Chinese automotive startup Lynk & Co is reportedly looking to build cars in the U.S. A top contender for an assembly plant location is Ridgeville, South Carolina, where the automaker’s parent company, Geely, conveniently owns another plant that is getting ready to produce Volvos.
According to Automotive News, Lynk & Co senior vice president Alain Visser confirmed to Reuters last November that South Carolina is under close examination. China’s Zhejiang Geely Holding Group owns Volvo, Lynk & Co, and the Chinese-market Geely brand.
Lynk & Co is billing itself as a different sort of car company—one where, according to its own website, “The car is almost beside the point.” Nor is Lynk & Co “trying to make you buy a car,” a subtly anti-authority message aimed squarely at Millennials.

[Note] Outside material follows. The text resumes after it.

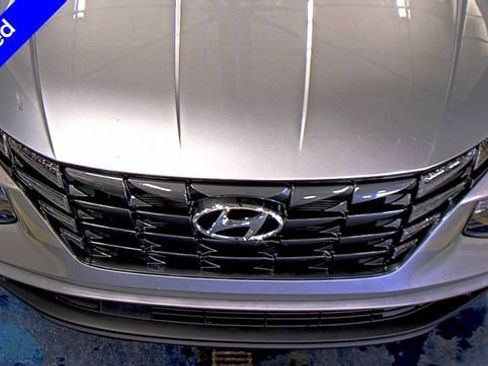 Used 2023 Hyundai Tucson SE image 3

The cars will be made available via purchase, lease or subscription. They will also come equipped with built-in features that make car sharing easy, so owners can operate their own little Zipcar empire. Of course, they will all be “connected” to a variety of social media networks.
A South Carolina location makes a lot of sense for Lynk & Co. The company says it will eschew a traditional dealer network, and as the trade journal’s report furthers, “with consumers piecing together options online and ordering their cars directly from the factory.”
With such an open-ended system, a base of operations that has suppliers, distribution and warehousing shared with a traditionally built car—presumably, Volvos will still be sold through traditional channels—may be the only cost-effective solution. Plus, we already know that Lynk & Co cars will share modular platforms with other Volvo and Geely models.
Lynk & Co’s first model, appropriately named the 01, went on sale in China in November.